La inspección de Ricardo Fuentes: Más allá de los tropiezos que Fuentes tuviera en su visita del año 1997 («se me volaron algunas chapas», reconoció el Inspector) Roberto encontró reflejado parte de su pasado en la historia de Ricardo (un funcionario de la Dirección Nacional que —por abusar de las drogas y el alcohol— alcanzó un grado menor de esquizofrenia). Y es que en el año 1971 Roberto concurrió a un festival de música joven («Cataratas ´71») donde probó la marihuana. No le desagradó en absoluto. Y siguió luego con la cocaína, barbitúricos y ácido lisérgico hasta sus 22 años.
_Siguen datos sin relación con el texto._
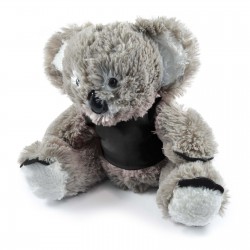 Teddy Bears - Korporate Koala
Logró recuperarse con la ayuda de un tío suyo (Ifraín Gálvez) que también había sido adicto y le presentó un médico de confianza. Así fue como Roberto abandonó las drogas, pero comenzó a entusiasmarse con la idea de administrar un prostíbulo, como el que hoy regentea con Coco.
Su prostíbulo «Rimel»: Es el lugar donde Roberto encuentra su verdadera paz. Roberto siente una inexplicable sensación de plenitud cuando —al finalizar el día de trabajo— se sienta a beber whisky en la paz de su «hogar», como le gusta llamar al prostíbulo. En ese momento, Roberto olvida los invonvenientes del Sistema Infoauto, los usuarios agresivos, la cuota de alimentos que le reclama Mabel, las ausencias de Viviana y la incomprensión de sus hijas. Siente entonces que su único deseo es pasar el resto de sus horas sentado en la reposera que ocupa, saludando con real afecto a las trabajadoras del lugar, viendo cómo cambian sus cuerpos, cómo aprenden a seducir con los ojos, cómo mejoran su trato y cómo le sonríen con picardía.
Aquí es donde Roberto se reconcilia con sus recuerdos, con sus empleados de Registro, con sus dos hijas, con su concubina Viviana y hasta con su ex-mujer Mabel. Siente que nada (ya nada menos) que ese momento dorado es necesario para disfrutar la vida.
No está borracho, ni tampoco totalmente sobrio. Se siente —eso sí— plenamente feliz.